EXERCISE INPUTS:

********************

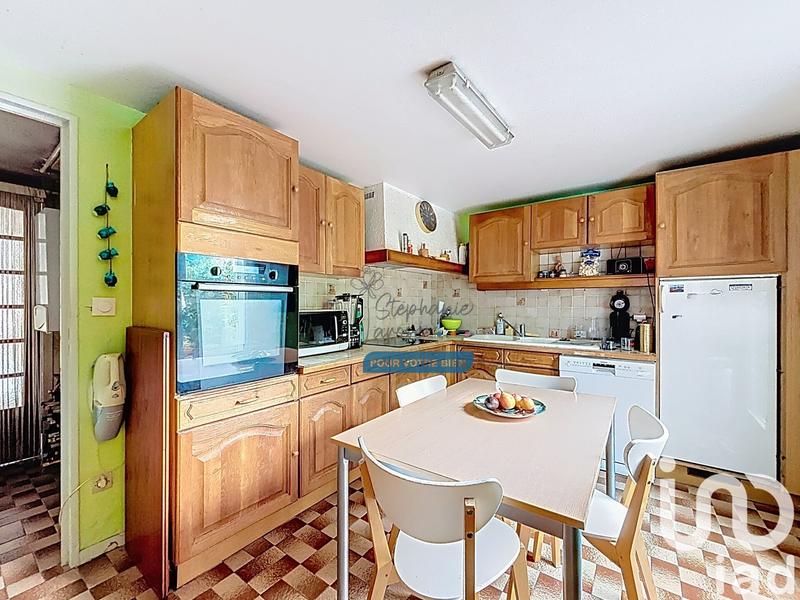 Maison - 114 m² - 5 pièces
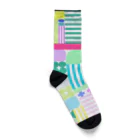 Neune のSpring Socks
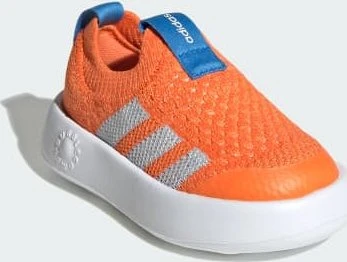 adidas Bubblecomfy Baby pure orange/crystal sky/lucid ray blue (Junior)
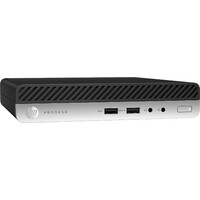 HP ProDesk 400 G3 Mini Desktop PC i5-7500T 3.3GHz 256GB 8GB RAM Wi-Fi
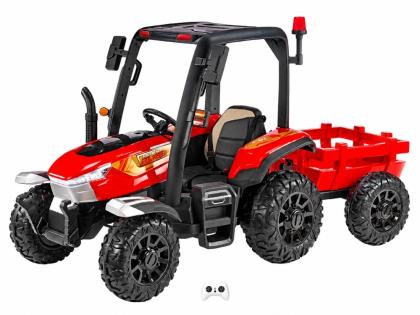 Traktor Blast 24V červený - 2.jpg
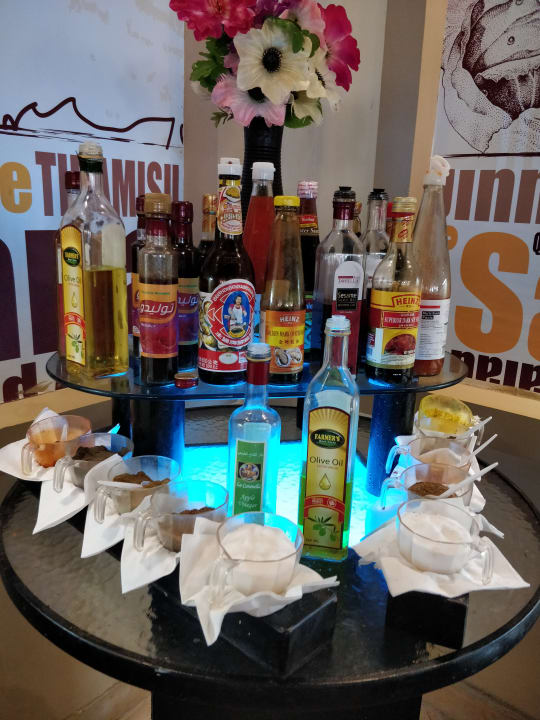 Gastro Three Corners Sea Beach Resort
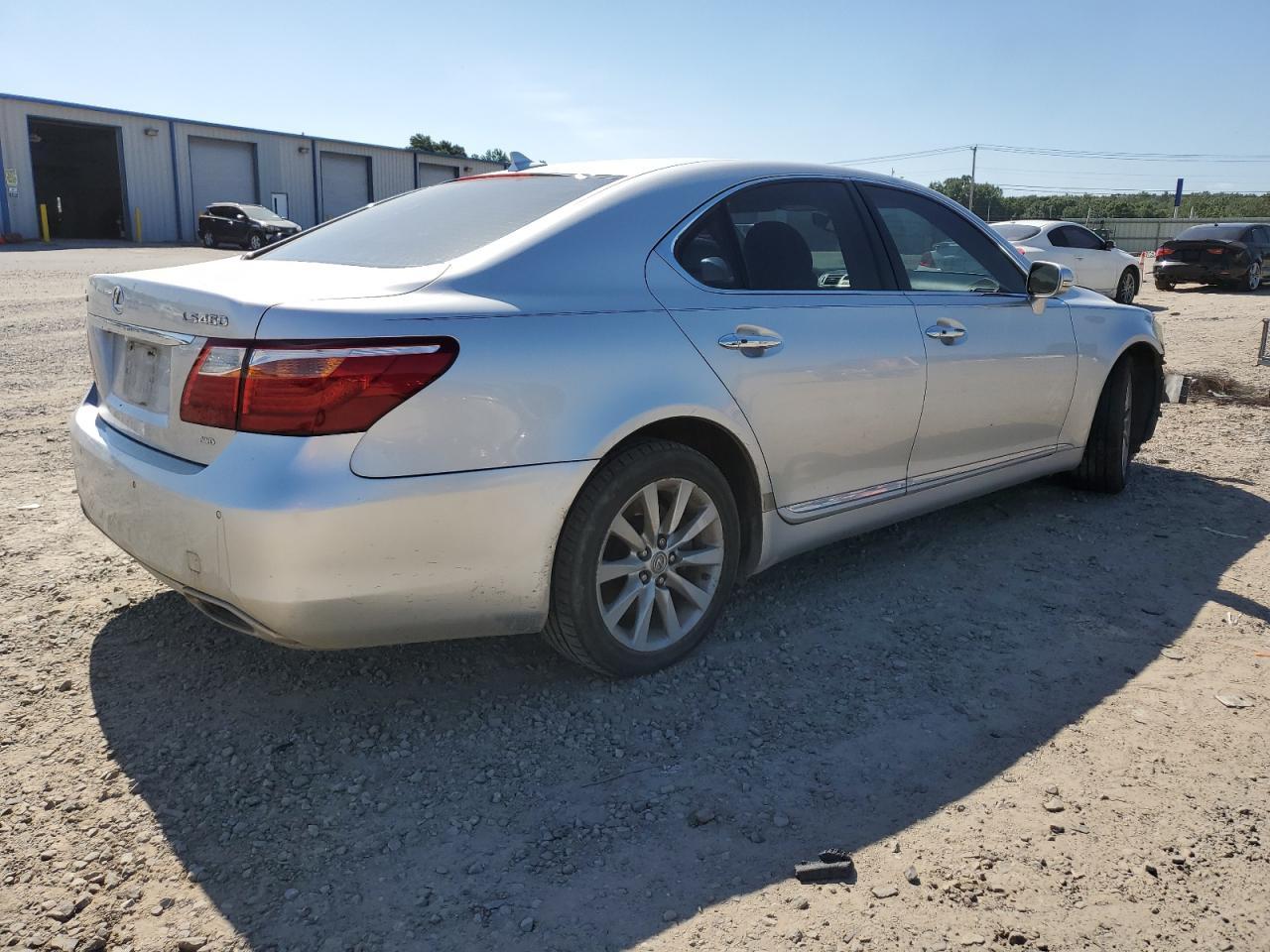 2012 Lexus Ls 460 - Фото 3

********************

Reproduce the lines above, exactly and exclusively, from the line containing "Traktor Blast 24V červený - 2.jpg" down to the last line, both included; pictures are not part of the copy.

 Traktor Blast 24V červený - 2.jpg
 Gastro Three Corners Sea Beach Resort
 2012 Lexus Ls 460 - Фото 3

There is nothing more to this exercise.